To set up the game, you shuffle all the cards and deal three to each player. You place your owls on the start spots (number of owls played with vary depending on the difficulty level you want), and the sun token on the sun start spot. The goal of the game is to get all the baby owls back to the nest before sunrise.
While you
can hold your cards in your hand, it is suggested to leave them face up for
everyone to see so you can work together to plan the best plays to get the owls
back in the nest.
When it is your turn, you pick which colour you want to play
from the 3 cards in your hand. If you have a sun card, you have no choice but
to play that card and move the sun token one spot over to the right), then draw
a new card. If you are playing a colour, you can move any owl of your choice to
the next circle with that colour. If you are playing a green card and there is
an owl on the next two green spots, you would play on the first available green
spot (so you’d skip a lot of spots). If there are no more spots of that colour
available, the owl gets to move into the nest. This is the sort of thing that
makes this game all the more fun when working as a team, and precisely why
everyone being able to see the other players’ cards is beneficial.

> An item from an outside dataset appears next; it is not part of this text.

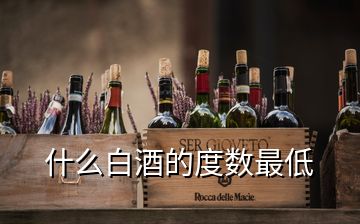 什么白酒的度數(shù)最低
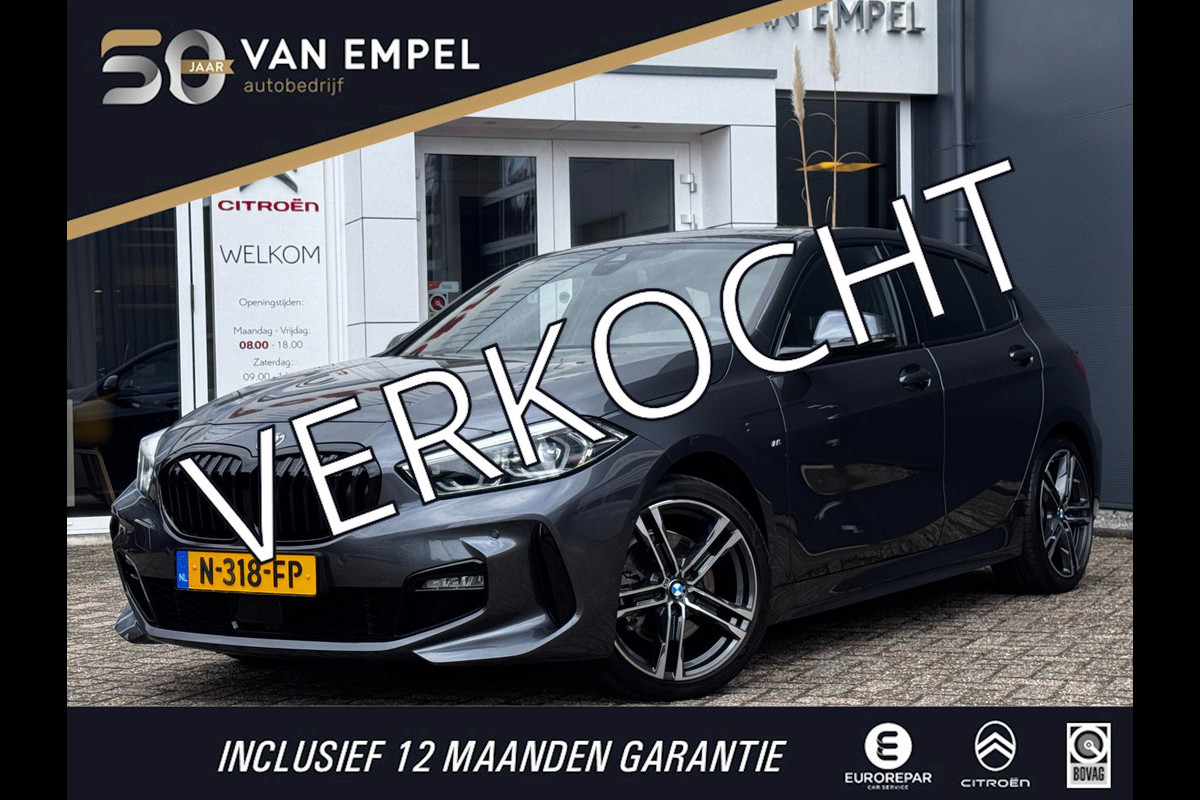 BMW 1-serie 118i M-Sport | M Interieur + Exterieur | NL-Auto | Leder + Stoelverwarming | Camera | LED | PDC Rondom |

A yellow card was played allowing the owl on the Start 4 spot to move a good distance to the next unoccupied yellow circle. |
Another yellow card was played and an owl from the Start 2 position was moved 3 yellow circles because the first two were occupied. |
When all
the owls make it to the nest, you win. If the sun gets all the way to the far
right spot (aka: if the sun rises) first, the game is over. The beginner level
is only played with owls on the first 3 start spots, the intermediate level is
with owls on the first 4 spots, and the challenge level is with all 6 owls in
play.
Hoot Owl
Hoot! is recommended for ages 4 and up, up to 4 players, and should last about
15 minutes from start to finish. No reading is required for game play (provided
someone can read to explain the rules at first). Great game for colour
recognition and cooperative strategizing.
You can
purchase Hoot Owl Hoot! for approximately $16 at select retail stores like Target (they carry Peaceable Kingdom games), or online at Amazon.com.

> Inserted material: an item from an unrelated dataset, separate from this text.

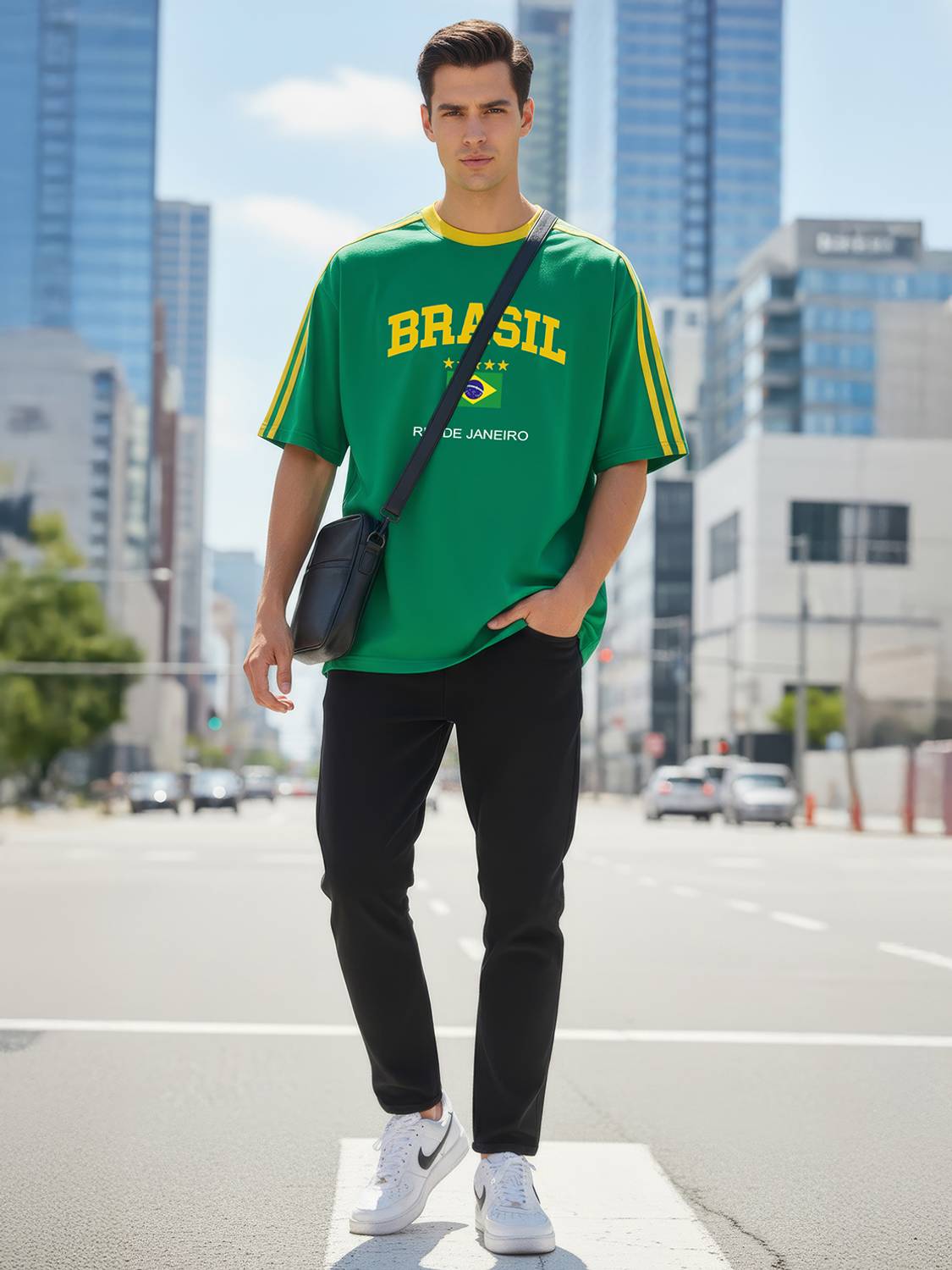 TOM MILTON Men Green T-Shirt - Image 5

Disclaimer: Thoughts of Fluff is responsible for the content of this post. Hoot Owl Hoot! was purchased by me and all opinions are my own and may differ from those of your own.
This is a good game but we adults are stumped on how to get the owls into the nest. Can owl only get into nest from the purple dot? If so owls could be lined up near the nest unable to get in it waiting for enough purple cards.